Tokenization Platforms Accelerate Adoption
Another major trend emerging in the last two months is the rapid growth of tokenization platforms. Banks and asset managers are increasingly converting real-world assets — bonds, funds, commodities and even short-term credit — into blockchain-based tokens.
This process reduces settlement times and increases transparency, driving more capital into the crypto infrastructure layer.
Market Depth Improves Across Key Exchanges
Institutional activity has strengthened order-book depth on major exchanges.
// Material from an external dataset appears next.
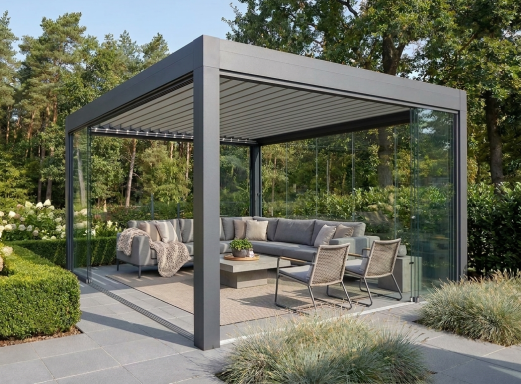 Pergola mit Lamellendach - moderne Terrasse mit Sitzbereich im Garten Hannover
Analysts note that spreads for top crypto pairs have tightened, especially during high-volume sessions.
With more liquidity providers entering the market, volatility remains high but becomes more tradable, giving the market a more mature structure.
Regulation Helps, Not Slows Down
Contrary to previous years, regulation is now helping institutions enter rather than pushing them away.
New rules introduced in the EU (MiCA), Singapore, the UK and parts of the U.S. offer clearer guidelines that institutions can follow safely.
This regulatory clarity is one of the main reasons liquidity has expanded in the last eight weeks.
Outlook for Early 2026
If current momentum continues, 2026 could mark the strongest institutional presence in crypto to date. With custody, tokenization and liquidity improving simultaneously, digital assets may enter a new phase where professional capital plays a dominant role in market structure and price formation.